- WORK TO COMPLETE
All the data that follows should be repeated exactly, without a single picture.

##############################

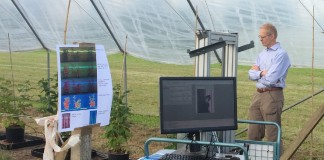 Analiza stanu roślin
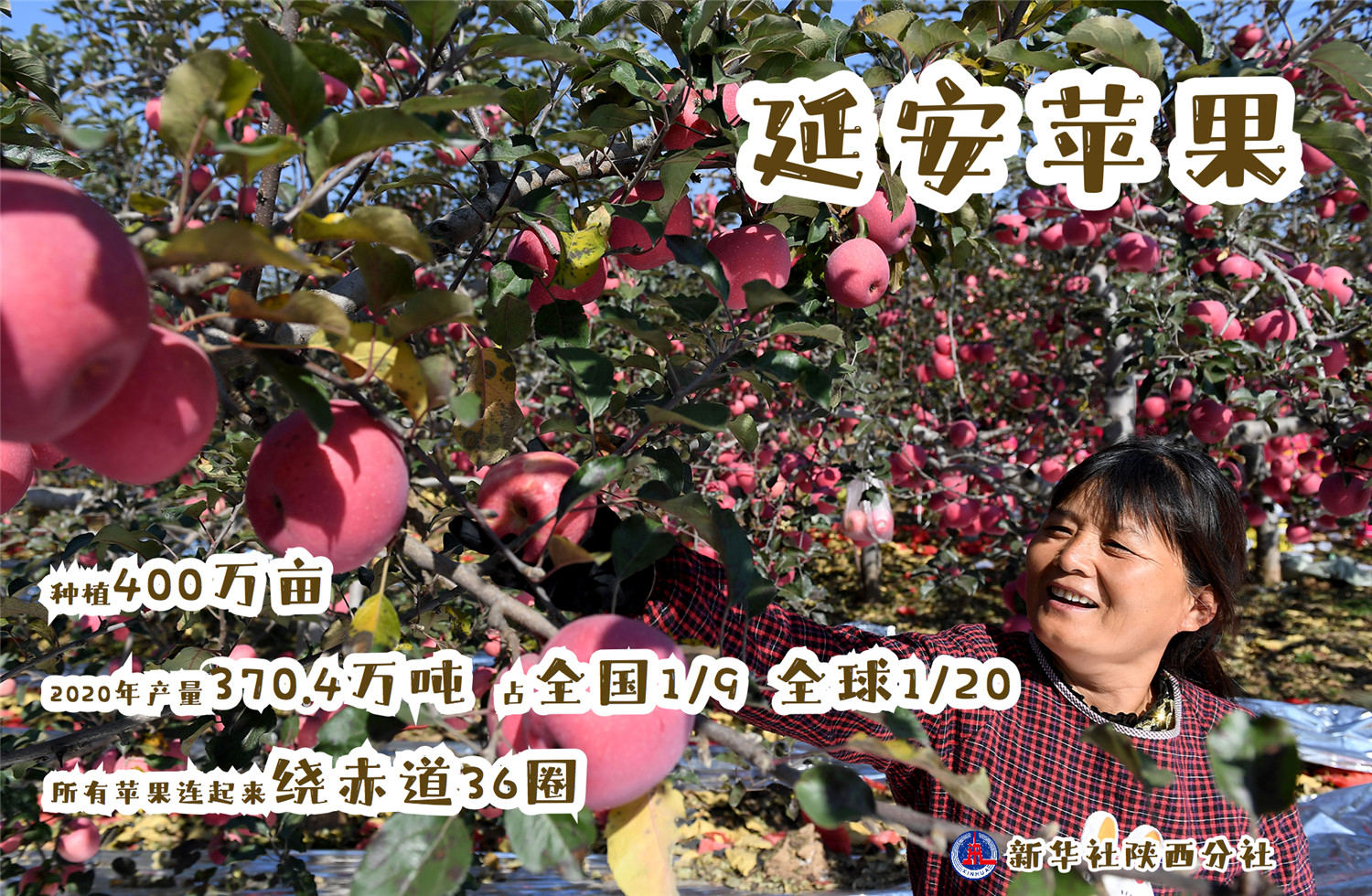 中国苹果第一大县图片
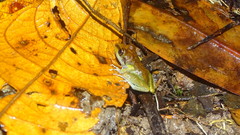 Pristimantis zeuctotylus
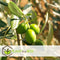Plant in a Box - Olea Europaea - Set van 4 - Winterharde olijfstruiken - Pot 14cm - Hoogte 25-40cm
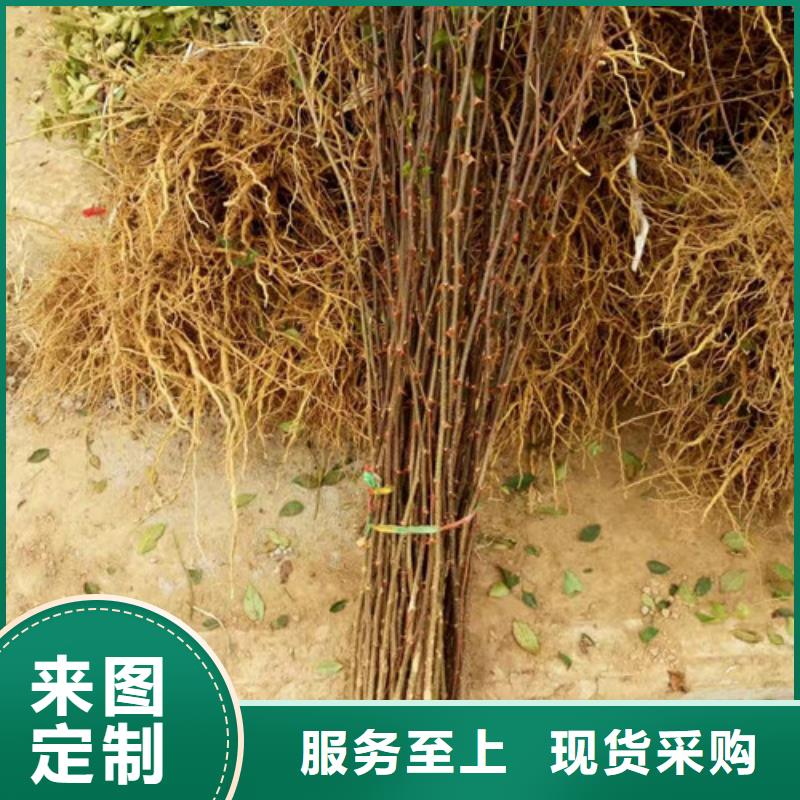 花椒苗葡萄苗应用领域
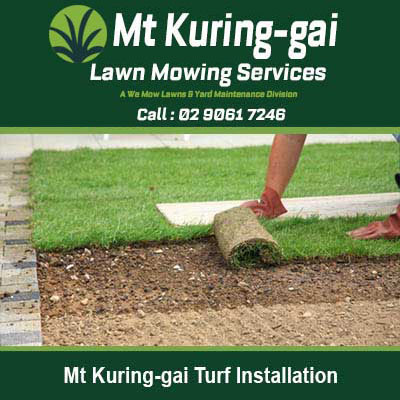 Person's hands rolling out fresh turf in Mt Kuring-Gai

##############################

- WRITTEN SOLUTION
 Analiza stanu roślin
 中国苹果第一大县图片
 Pristimantis zeuctotylus
Plant in a Box - Olea Europaea - Set van 4 - Winterharde olijfstruiken - Pot 14cm - Hoogte 25-40cm
 花椒苗葡萄苗应用领域
 Person's hands rolling out fresh turf in Mt Kuring-Gai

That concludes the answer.